*Exercise prompt:*
Retype the data below verbatim; pictures do not belong in the copy.
***** Information shown
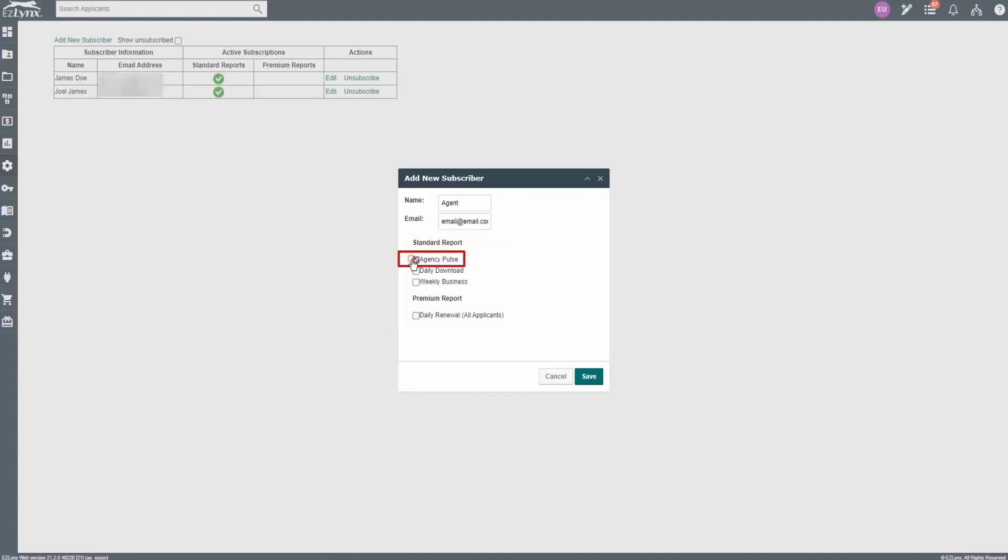Agency Pulse is a monthly snapshot report of your agency's performance derived directly from your agency's EZLinks data. This report is a good tool to help understand the health, efficiency, and profitability of your agency.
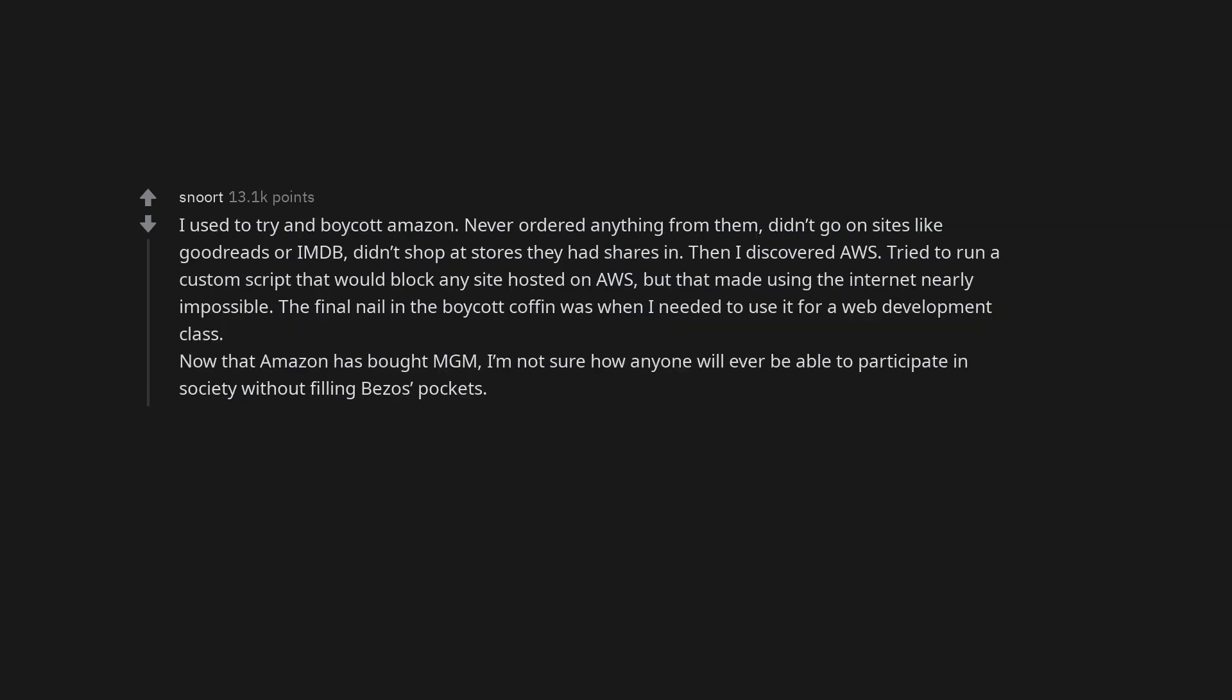I used to try and boycott Amazon. Never ordered anything from them. Didn't go on sites like Goodreads or IMDB. Didn't shop at stores they had shares in. Then I discovered AWS. Tried to run a custom script that would block any site hosted on AWS, but that made using the internet nearly impossible.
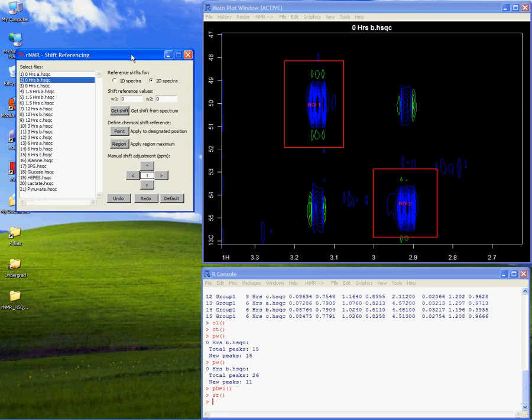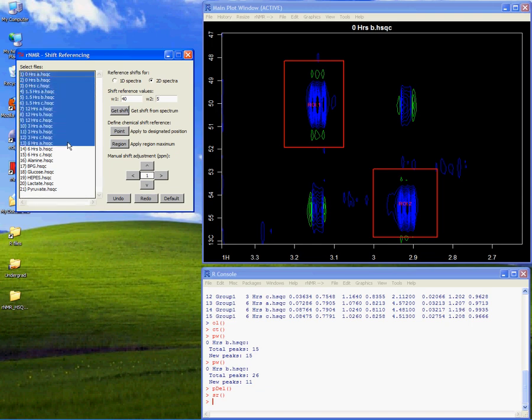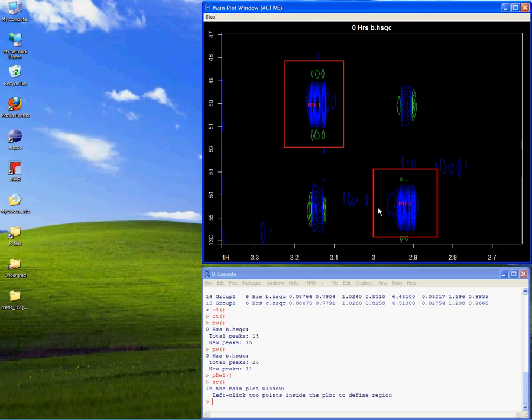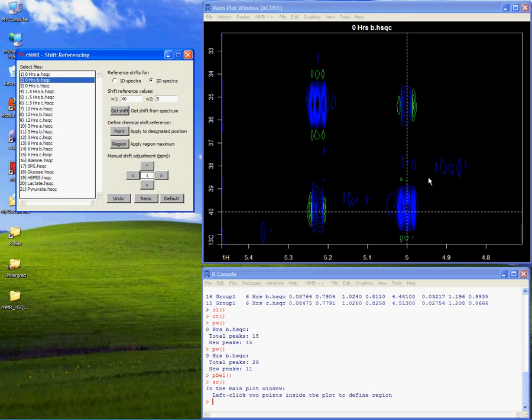First, I'll set the new chemical shift values for the reference peak. Most RNMR GUIs, like this one, contain a list of open spectra on the left, with options and functions on the right. So I'll just select the spectra I would like to reference, and then I'll click the region button to reference the peak. RNMR will use the maximum intensity from a designated region as the reference point, and will automatically adjust the chemical shifts for the selected spectra using the values provided.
**********
*Answer to this exercise:*
Agency Pulse is a monthly snapshot report of your agency's performance derived directly from your agency's EZLinks data. This report is a good tool to help understand the health, efficiency, and profitability of your agency.
I used to try and boycott Amazon. Never ordered anything from them. Didn't go on sites like Goodreads or IMDB. Didn't shop at stores they had shares in. Then I discovered AWS. Tried to run a custom script that would block any site hosted on AWS, but that made using the internet nearly impossible.
First, I'll set the new chemical shift values for the reference peak. Most RNMR GUIs, like this one, contain a list of open spectra on the left, with options and functions on the right. So I'll just select the spectra I would like to reference, and then I'll click the region button to reference the peak. RNMR will use the maximum intensity from a designated region as the reference point, and will automatically adjust the chemical shifts for the selected spectra using the values provided.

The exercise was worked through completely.